In der dritten und letzten Prognose war Dudas Vorsprung etwas grösser als in den beiden vorherigen. Er kam demnach auf 51,0 Prozent und Trzaskowski auf 49,0 Prozent. Damit lag der Vorsprung des Amtsinhabers aber immer noch innerhalb der Fehlermarge, die von Ipsos mit zwei Prozentpunkten angegeben wurde. In den ersten beiden Prognosen hatte Dudas Vorsprung 1,6 beziehungsweise 0,8 Prozentpunkte betragen.
Duda sagte gleichwohl schon am Abend vor Anhängern: «Ich bin glücklich über meinen Sieg.» Er räumte aber im selben Atemzug ein, dass seine Freude nur auf den Wählerbefragungen beruhte. Trzaskowski sagte zu seinen Anhängern, «wahrscheinlich nie» zuvor sei der Ausgang einer polnischen Präsidentenwahl derart knapp gewesen.
Für die regierende nationalkonservative Regierungspartei Recht und Gerechtigkeit (PiS) ist die Präsidentenwahl von grosser Bedeutung. Ein Sieg des ihr nahestehenden Duda dürfte ihre Vormachtstellung mindestens bis zur Parlamentswahl 2023 festigen. Sollte sich doch Trzaskowski von der liberalkonservativen Bürgerplattform (PO) durchsetzen, wäre dies aus Sicht der PiS ein schlechtes Vorzeichen für die Parlamentswahl.
In der ersten Runde der Präsidentschaftswahl am 28. Juni war Duda auf 43,5 Prozent der Stimmen gekommen, Trzaskowski auf 30,4 Prozent.

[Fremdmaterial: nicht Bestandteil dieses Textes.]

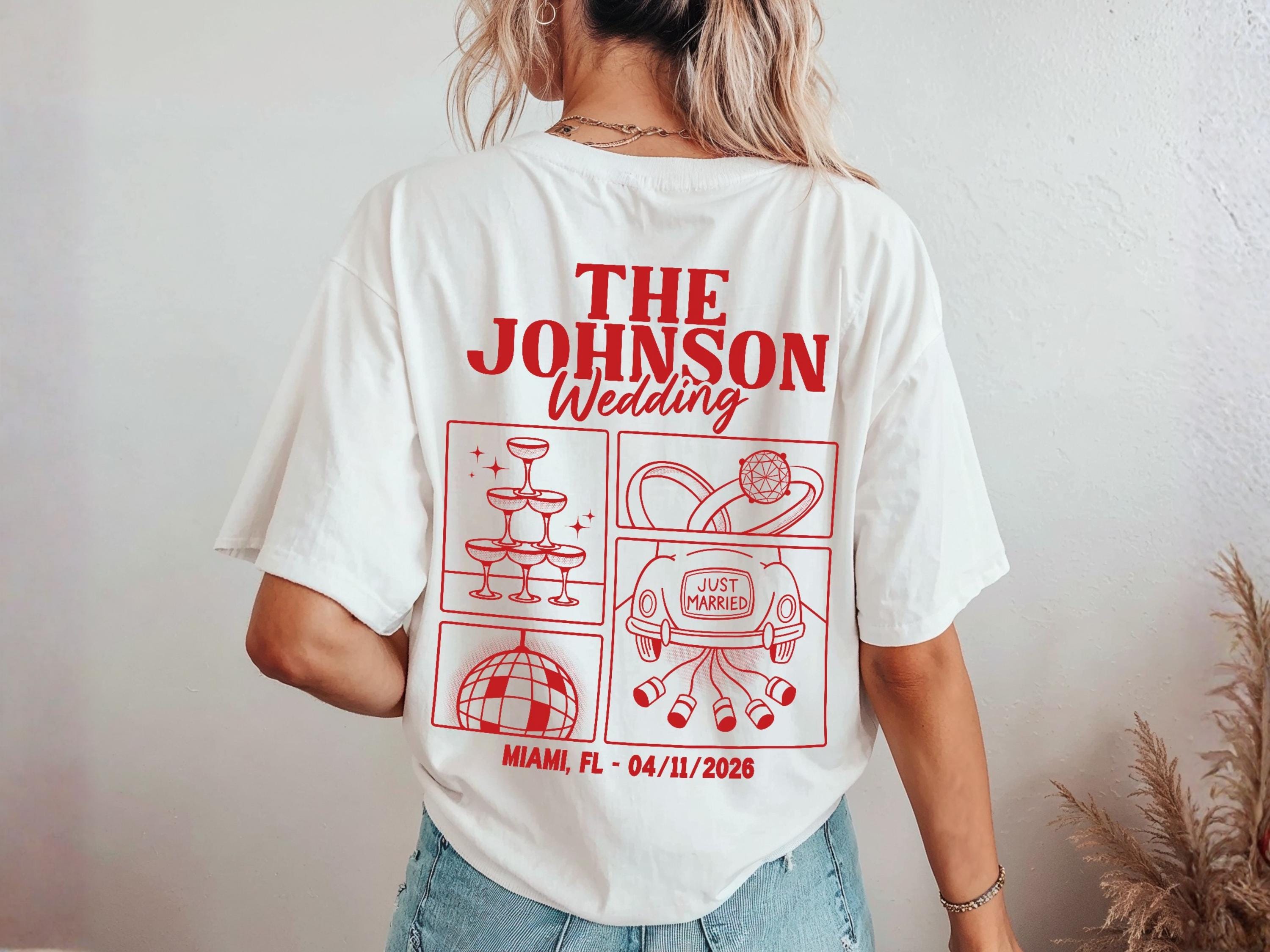 Wedding Merch Examples Custom Wedding Party Shirt Matching Wedding Weekend T-shirt for Wedding ...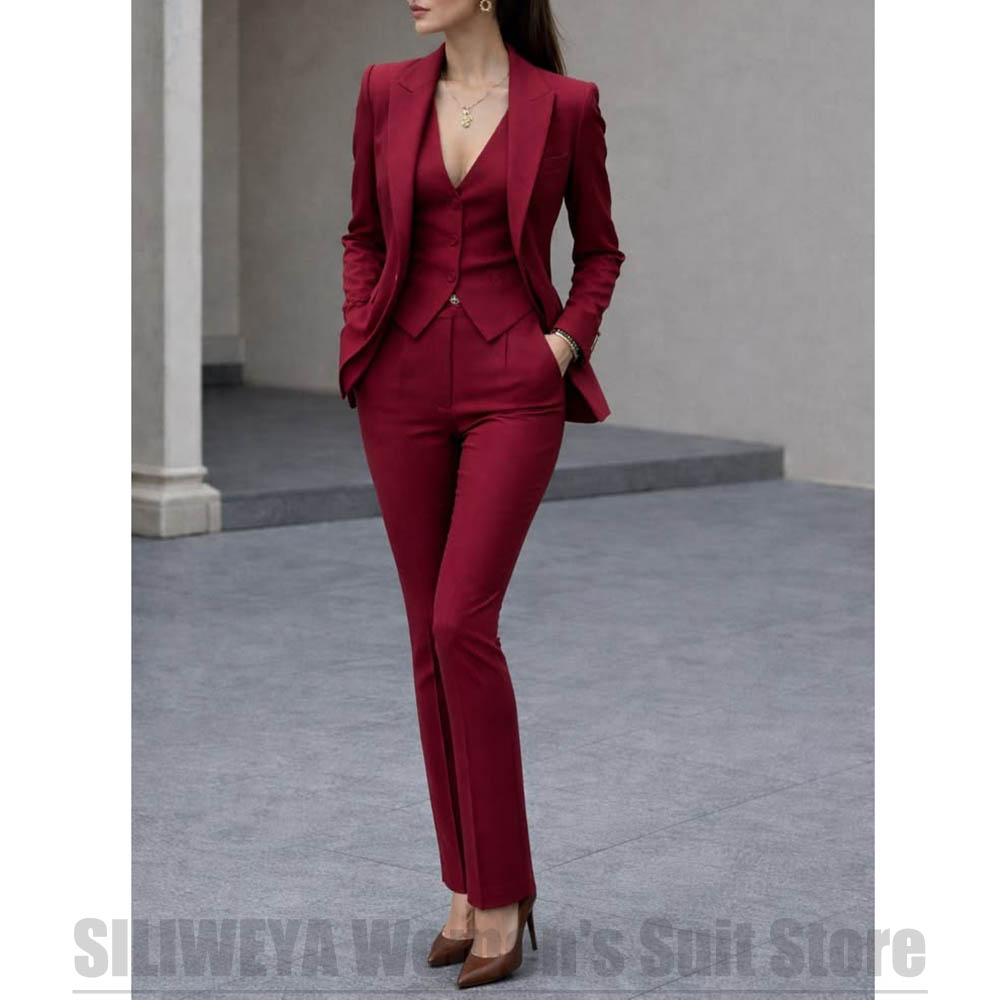 Women Formal Wear For Party - Women 3 Piece Suit Set Blazer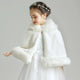 Girls' Wool Shawl Thickened Long-sleeved Warm Coat Dress Cape Accessories - Dorabear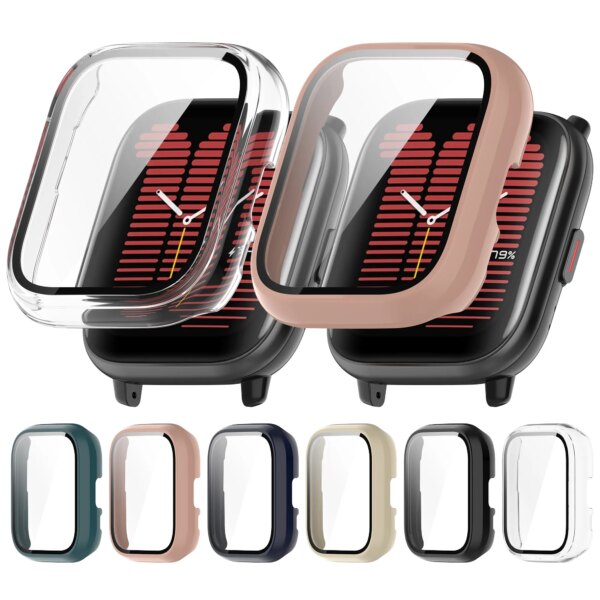 1pc One-piece Watch Case Suitable for Amazfit Active Protective Case Watch Case Protective Film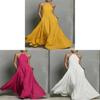 Summer Women Dress With Backless Design For Casual Travel And Party Wear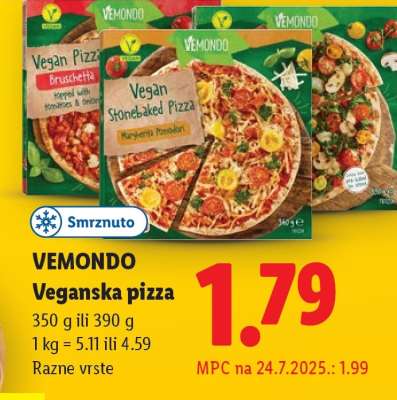 Vemondo Veganska pizza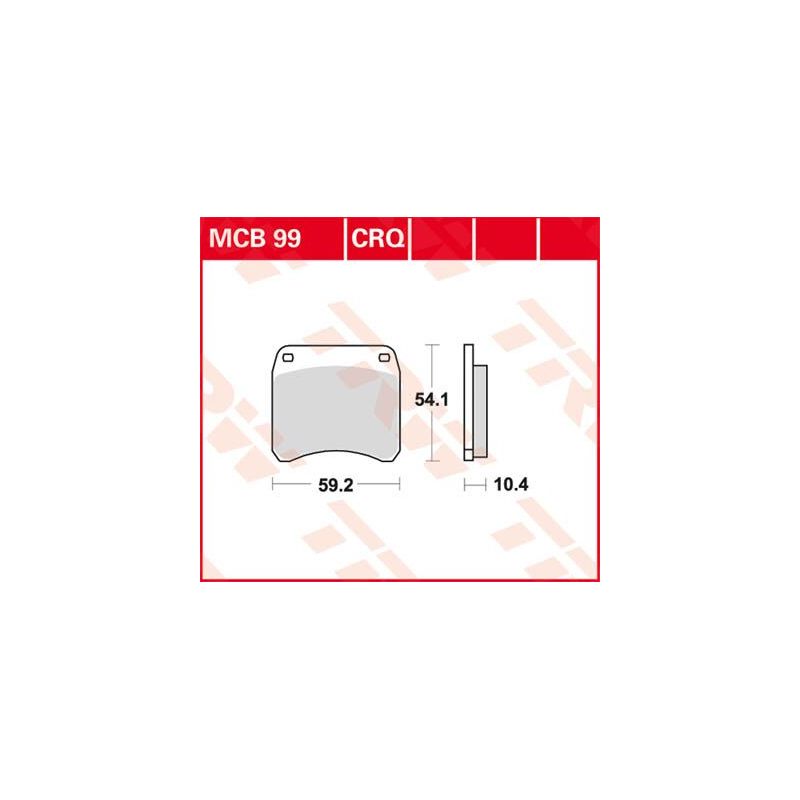 BRAKE PAD ORGANIC STREET 17200556
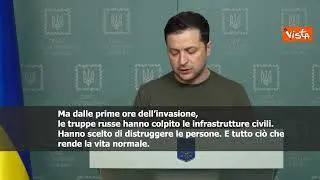 SOTTOTITOLI Ucraina, Zelensky: "Attacchi russi meritano tribunale internazionale"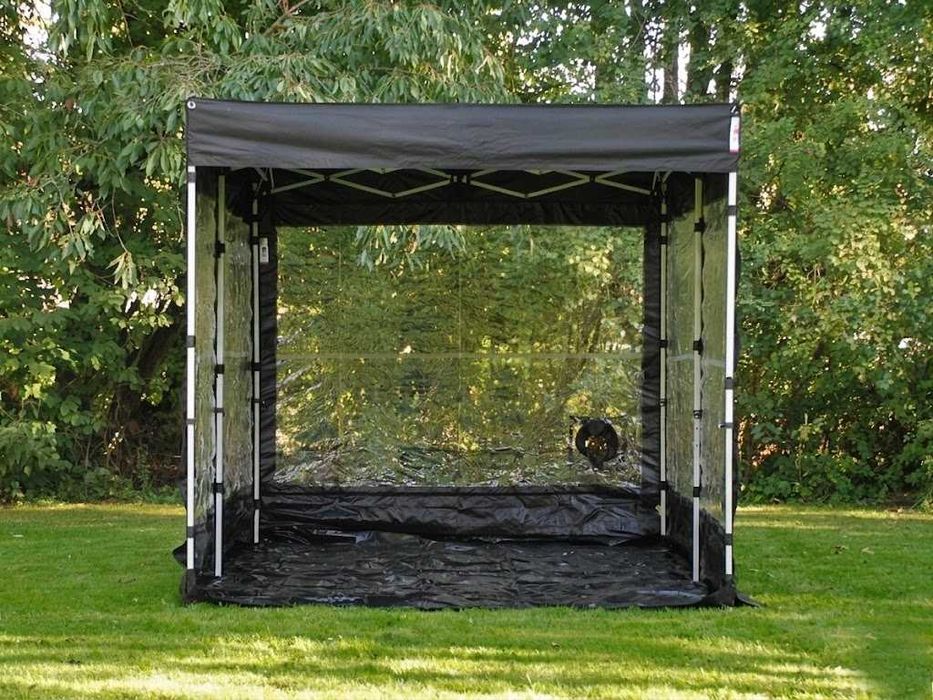 Garagem dobrável auto/mota Flex CarCover Dancover 2,5x5m – Excelente estado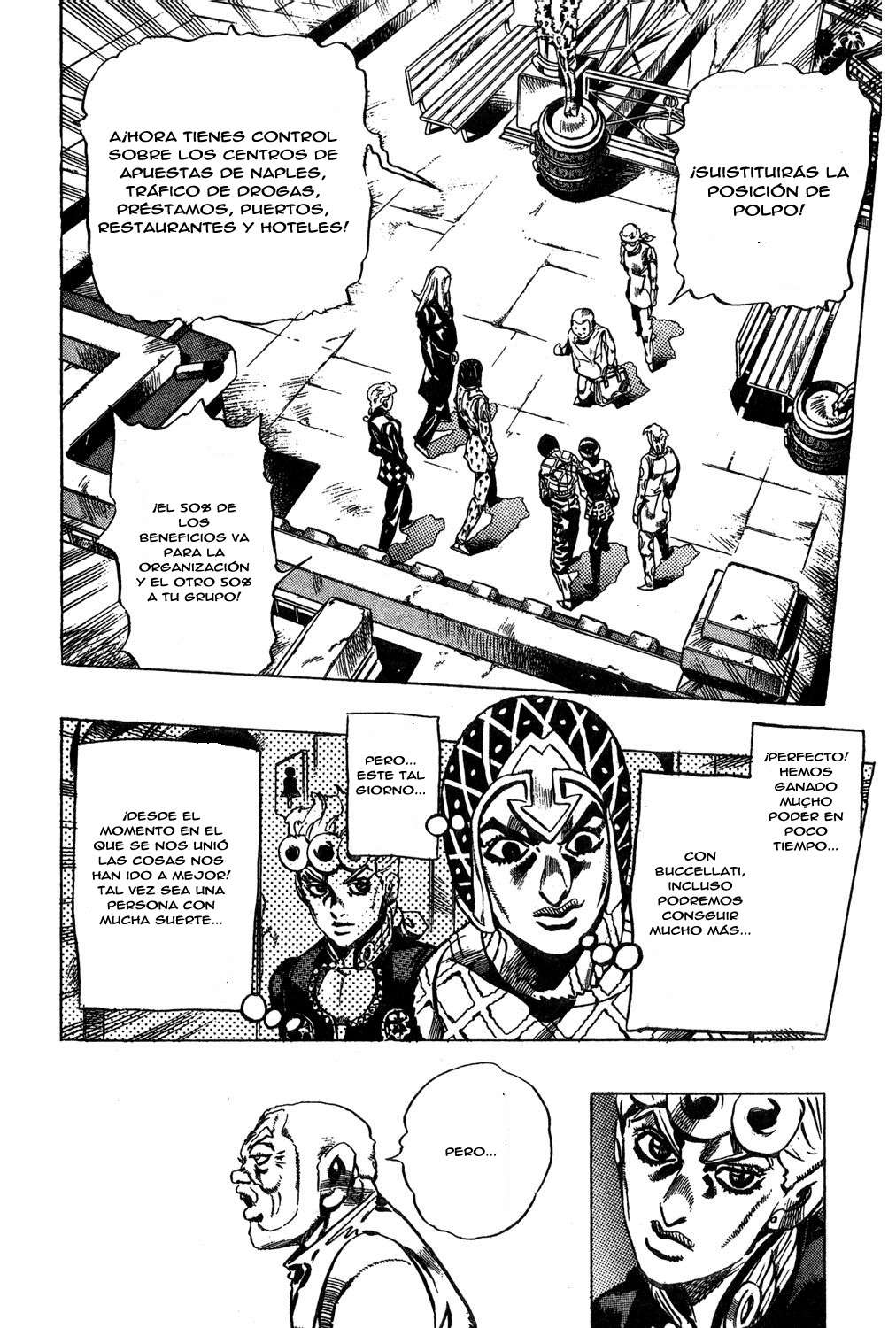 Read JoJo's Bizarre Adventure Parte 5 Vento Aureo ES Manga Online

Trzaskowski hatte für einen Sieg in der Stichwahl auf Wähler gesetzt, die in der ersten Runde noch für andere Oppositionskandidaten gestimmt hatten.
Die Beteiligung an der Stichwahl fiel mit 67,9 Prozent vergleichsweise hoch aus. Trotz der Corona-Pandemie hatten sich vor den Wahllokalen lange Schlangen gebildet. Die Wähler wurden aufgefordert, Masken zu tragen, sich die Hände zu desinfizieren sowie Rentnern, Schwangeren und Wählern mit Kindern den Vortritt zu lassen.
Duda hat vor allem im ländlichen Raum, in Kleinstädten und im Osten des Landes viele Anhänger, während Trzaskowski breite Unterstützung in den grösseren Städten und im Westen des Landes nahe der Grenze zu Deutschland hat.
Ursprünglich war die Wahl für Mai angesetzt gewesen - zu einer Zeit, als Duda in den Meinungsumfragen noch einen deutlichen Vorsprung hatte. Wegen der Pandemie und verfassungsrechtlicher Bedenken wurde der von der PiS damals als reine Briefwahl geplante Urnengang jedoch verschoben. Dudas Beliebtheitswerte sanken seitdem erheblich. Dies liegt teilweise daran, dass Polen durch die Corona-Krise erstmals seit Ende des Kommunismus in eine Rezession gerutscht ist.
Duda hatte im Wahlkampf auf die Verteidigung konservativer Werte gesetzt. Dabei machte der 48-Jährige auch mit Verbalattacken auf Verfechter einer vermeintlichen «LGBT-Ideologie» Stimmung, die den Polen angeblich aufgezwungen werden solle. LGBT steht im Englischen für Lesbian, Gay, Bisexual and Transgender, also für lesbisch, schwul, bisexuell und Transgender.
Duda bediente darüber hinaus im Wahlkampf auch antideutsche Ressentiments. Deutschen Medien warf er eine «Attacke» gegen Polen vor. Wegen angeblicher «manipulativer» Berichterstattung zur Präsidentschaftswahl in deutschen Zeitungen hatte das Aussenministerium in Warschau vor einigen Tagen einen deutschen Diplomaten einbestellt.
Trzaskowski warb dagegen für ein anderes Polen - mit besseren Beziehungen zur EU. Zudem unterstützt der 48-Jährige die Einführung gleichgeschlechtlicher Lebenspartnerschaften. Die Homo-Ehe und das Adoptionsrecht für Homosexuelle lehnt aber auch er ab.